Take the entries below and reproduce exactly the portion that begins at the line containing "If only I had" and ends at the line containing "Isaac Hernández trae", keeping both ends, dropping pictures, and adding nothing else.

◆ **Records for this exercise**:
******
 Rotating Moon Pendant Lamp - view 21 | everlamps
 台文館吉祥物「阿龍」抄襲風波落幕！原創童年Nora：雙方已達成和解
******
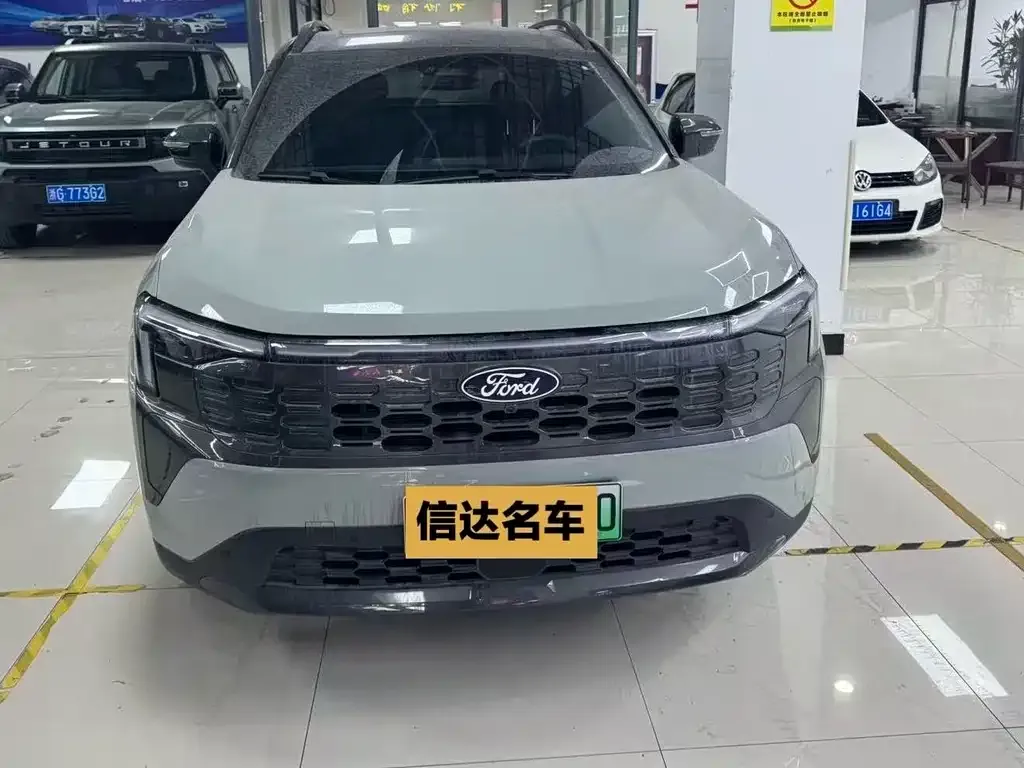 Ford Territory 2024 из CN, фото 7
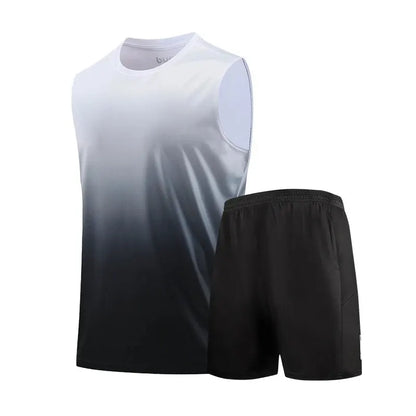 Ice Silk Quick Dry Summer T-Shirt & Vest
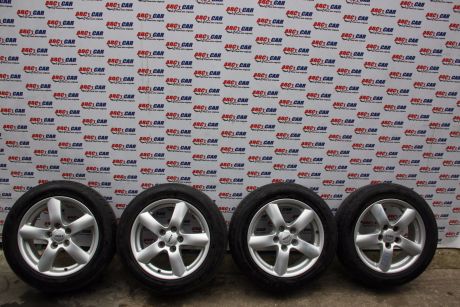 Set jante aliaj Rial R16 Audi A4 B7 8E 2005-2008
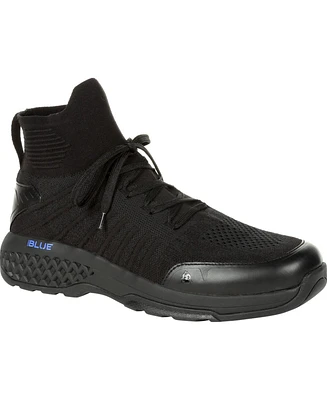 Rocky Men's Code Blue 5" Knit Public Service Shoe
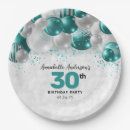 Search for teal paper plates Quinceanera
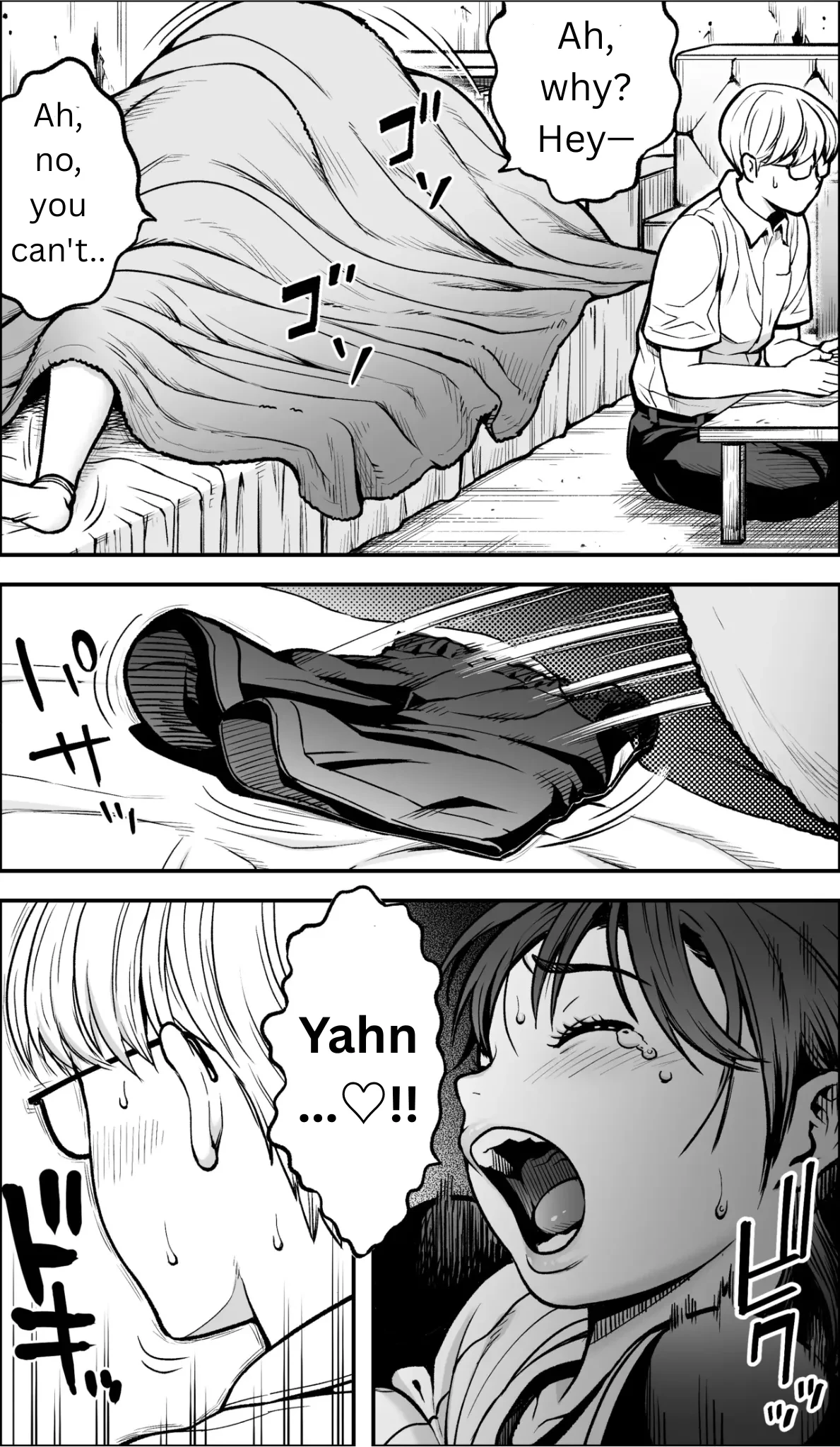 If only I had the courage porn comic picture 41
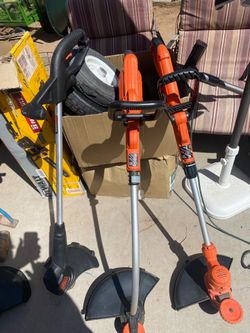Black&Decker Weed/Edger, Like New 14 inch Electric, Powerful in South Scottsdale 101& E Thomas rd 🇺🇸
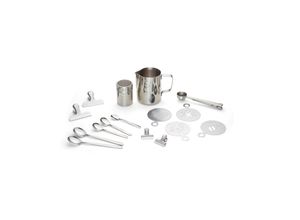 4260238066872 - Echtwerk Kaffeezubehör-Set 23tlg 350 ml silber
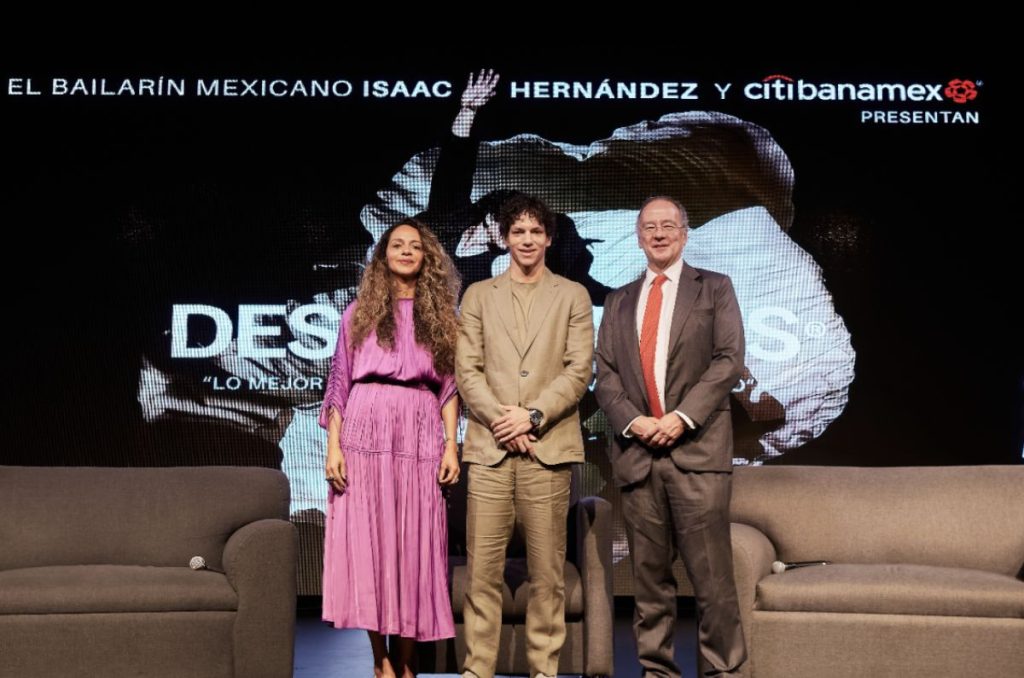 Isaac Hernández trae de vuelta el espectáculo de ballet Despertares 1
******
◆ **Task response**:
 If only I had the courage porn comic picture 41
Black&Decker Weed/Edger, Like New 14 inch Electric, Powerful in South Scottsdale 101& E Thomas rd 🇺🇸
 4260238066872 - Echtwerk Kaffeezubehör-Set 23tlg 350 ml silber
 Isaac Hernández trae de vuelta el espectáculo de ballet Despertares 1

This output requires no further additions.